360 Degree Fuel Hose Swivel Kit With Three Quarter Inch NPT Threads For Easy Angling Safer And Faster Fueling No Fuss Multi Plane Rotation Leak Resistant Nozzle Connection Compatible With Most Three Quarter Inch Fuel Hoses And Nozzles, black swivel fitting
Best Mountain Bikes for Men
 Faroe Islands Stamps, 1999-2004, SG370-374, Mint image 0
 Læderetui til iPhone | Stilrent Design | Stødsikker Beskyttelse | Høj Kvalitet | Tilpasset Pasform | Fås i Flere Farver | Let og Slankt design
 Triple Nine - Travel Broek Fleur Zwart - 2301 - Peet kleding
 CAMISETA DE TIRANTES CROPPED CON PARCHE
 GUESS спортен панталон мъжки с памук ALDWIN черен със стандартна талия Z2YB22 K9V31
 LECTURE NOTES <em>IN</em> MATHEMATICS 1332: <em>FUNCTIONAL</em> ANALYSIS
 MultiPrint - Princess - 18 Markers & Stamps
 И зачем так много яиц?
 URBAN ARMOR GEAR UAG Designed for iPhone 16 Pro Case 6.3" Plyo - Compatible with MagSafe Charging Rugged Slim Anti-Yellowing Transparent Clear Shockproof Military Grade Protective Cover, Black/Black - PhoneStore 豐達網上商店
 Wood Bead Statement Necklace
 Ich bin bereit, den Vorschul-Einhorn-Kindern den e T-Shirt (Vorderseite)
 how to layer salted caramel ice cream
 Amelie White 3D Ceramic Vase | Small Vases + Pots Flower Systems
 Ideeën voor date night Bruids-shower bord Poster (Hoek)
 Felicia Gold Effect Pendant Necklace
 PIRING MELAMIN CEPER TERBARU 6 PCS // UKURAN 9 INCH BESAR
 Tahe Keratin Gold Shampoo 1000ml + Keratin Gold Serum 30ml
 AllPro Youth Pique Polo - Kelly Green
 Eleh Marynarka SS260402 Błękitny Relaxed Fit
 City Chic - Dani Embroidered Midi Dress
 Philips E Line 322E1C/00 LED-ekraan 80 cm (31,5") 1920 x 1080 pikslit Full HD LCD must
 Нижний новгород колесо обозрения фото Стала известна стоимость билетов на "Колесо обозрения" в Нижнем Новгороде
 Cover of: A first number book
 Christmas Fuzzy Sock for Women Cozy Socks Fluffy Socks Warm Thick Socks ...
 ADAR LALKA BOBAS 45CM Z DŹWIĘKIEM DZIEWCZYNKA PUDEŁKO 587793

» Action item: When you reach the line containing "Christmas Fuzzy Sock" in the listing, transcribe it and every line after it exactly, through the last line, and add nothing.

» Answer below:
 Christmas Fuzzy Sock for Women Cozy Socks Fluffy Socks Warm Thick Socks ...
 ADAR LALKA BOBAS 45CM Z DŹWIĘKIEM DZIEWCZYNKA PUDEŁKO 587793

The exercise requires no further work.